#### [Goal of the exercise]
In the records below, find the line holding "The SQL Server" and the line holding "This is the address". Set down both, with every line between them, exactly.

BEGIN Material for this exercise

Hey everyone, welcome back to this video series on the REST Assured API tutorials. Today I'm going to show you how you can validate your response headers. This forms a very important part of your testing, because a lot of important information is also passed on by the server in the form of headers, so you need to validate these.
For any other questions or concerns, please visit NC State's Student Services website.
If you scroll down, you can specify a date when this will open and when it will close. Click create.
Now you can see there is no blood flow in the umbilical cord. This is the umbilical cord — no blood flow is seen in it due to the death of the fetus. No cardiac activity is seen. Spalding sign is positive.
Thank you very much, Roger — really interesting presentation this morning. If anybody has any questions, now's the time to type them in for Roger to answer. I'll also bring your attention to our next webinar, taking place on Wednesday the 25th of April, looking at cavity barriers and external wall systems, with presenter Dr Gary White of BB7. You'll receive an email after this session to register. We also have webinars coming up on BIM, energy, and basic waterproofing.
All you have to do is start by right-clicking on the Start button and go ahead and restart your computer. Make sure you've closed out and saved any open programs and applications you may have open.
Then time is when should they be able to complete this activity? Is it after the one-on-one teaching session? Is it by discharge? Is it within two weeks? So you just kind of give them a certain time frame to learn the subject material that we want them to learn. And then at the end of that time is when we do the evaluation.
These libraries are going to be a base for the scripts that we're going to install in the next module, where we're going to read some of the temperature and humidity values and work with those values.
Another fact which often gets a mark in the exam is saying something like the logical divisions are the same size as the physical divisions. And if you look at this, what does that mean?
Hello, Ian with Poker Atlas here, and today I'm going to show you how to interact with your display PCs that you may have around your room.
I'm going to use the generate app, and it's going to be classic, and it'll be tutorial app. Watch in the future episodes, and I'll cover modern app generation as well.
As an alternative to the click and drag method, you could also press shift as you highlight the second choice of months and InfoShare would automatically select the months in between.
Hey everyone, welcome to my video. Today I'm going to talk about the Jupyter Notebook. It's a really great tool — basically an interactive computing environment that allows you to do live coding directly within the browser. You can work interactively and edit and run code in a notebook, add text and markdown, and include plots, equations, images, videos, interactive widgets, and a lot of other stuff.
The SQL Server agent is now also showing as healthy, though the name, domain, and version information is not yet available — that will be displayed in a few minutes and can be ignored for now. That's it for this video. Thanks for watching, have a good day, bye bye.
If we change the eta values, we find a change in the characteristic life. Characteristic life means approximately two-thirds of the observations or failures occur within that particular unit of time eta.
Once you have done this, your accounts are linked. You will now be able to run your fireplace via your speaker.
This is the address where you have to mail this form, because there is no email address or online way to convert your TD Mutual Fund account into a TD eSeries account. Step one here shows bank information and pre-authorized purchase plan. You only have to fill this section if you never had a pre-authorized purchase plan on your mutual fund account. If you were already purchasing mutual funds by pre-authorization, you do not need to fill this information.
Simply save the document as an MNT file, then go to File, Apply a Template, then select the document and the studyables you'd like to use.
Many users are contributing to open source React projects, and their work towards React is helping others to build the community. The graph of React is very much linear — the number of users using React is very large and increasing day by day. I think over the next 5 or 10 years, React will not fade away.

END Material for this exercise

#### [Solution to the exercise]
The SQL Server agent is now also showing as healthy, though the name, domain, and version information is not yet available — that will be displayed in a few minutes and can be ignored for now. That's it for this video. Thanks for watching, have a good day, bye bye.
If we change the eta values, we find a change in the characteristic life. Characteristic life means approximately two-thirds of the observations or failures occur within that particular unit of time eta.
Once you have done this, your accounts are linked. You will now be able to run your fireplace via your speaker.
This is the address where you have to mail this form, because there is no email address or online way to convert your TD Mutual Fund account into a TD eSeries account. Step one here shows bank information and pre-authorized purchase plan. You only have to fill this section if you never had a pre-authorized purchase plan on your mutual fund account. If you were already purchasing mutual funds by pre-authorization, you do not need to fill this information.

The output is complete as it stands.